Highlights & Insights¶
- The contribution of problem formulation outweighs that of the methodology: This work is the first to systematically reveal the long-tail problem in temporal action segmentation and proposes corresponding evaluation metrics (per-class harmonic mean).
- Group-wise classification cleverly bypasses the numerical issues (the \(\log 0\) problem) caused by a conditional probability of \(p(c|a)=0\).
- The design of the temporal factor is elegant: it performs standard adjustment inside the temporal window, and maintains consistency outside the window via ratio matching, preventing both over-suppression and false positives.

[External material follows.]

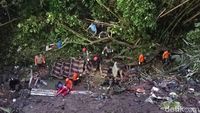 Rusak Parah! Ini Penampakan Bus yang Terjun ke Jurang di Tasikmalaya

- Plug-and-play: G-TLA only modifies the classification layer and can be directly integrated into various backbones such as MSTCN, ASFormer, and DiffAct.
Limitations & Future Work¶
- It requires activity labels (or clustering results) to determine grouping, which increases the demand for prior information.
- The temporal constraints \(S_{bf}[c]\) and \(S_{af}[c]\) are statistically derived from the training data, which might fail for novel chronological sequences unseen in the training set.
- The performance gain on tail classes in large-scale datasets like Assembly101 remains limited (increasing Frame Acc from 4.7 to 9.2, which is still low in absolute terms).
- Incorporating group information into representation learning has not been explored (currently, it is only applied to the classification layer).
Related Work & Insights¶
- Relationship with Logit Adjustment [Menon et al.]: G-TLA is a non-trivial extension of logit adjustment to temporal structured prediction tasks, with the core innovation lying in the conditional priors and the temporal factor.
- Relationship with BAGS (ensemble method): Group-wise classification shares a similar divide-and-conquer philosophy, but G-TLA is more systematic and incorporates temporal constraints.
- Insight: Structural priors in procedural activity videos (activity-action hierarchy, temporal order) are heavily undervalued sources of information.
Rating¶
- Novelty: ⭐⭐⭐⭐ — Address the long-tail problem in temporal action segmentation for the first time; the joint design of group-wise classification and temporal logit adjustment is logical and novel.
- Experimental Thoroughness: ⭐⭐⭐⭐⭐ — Tested on 5 datasets with 3 backbones and compared against 7 long-tail baselines, complete with detailed ablation and hyperparameter analyses.
- Writing Quality: ⭐⭐⭐⭐ — The motivation is clear, and the running example of "making tea" is highly intuitive throughout the paper.
- Value: ⭐⭐⭐⭐ — Fills an important research gap; the plug-and-play method is highly practical, and the new evaluation metric possesses good potential for broader adoption.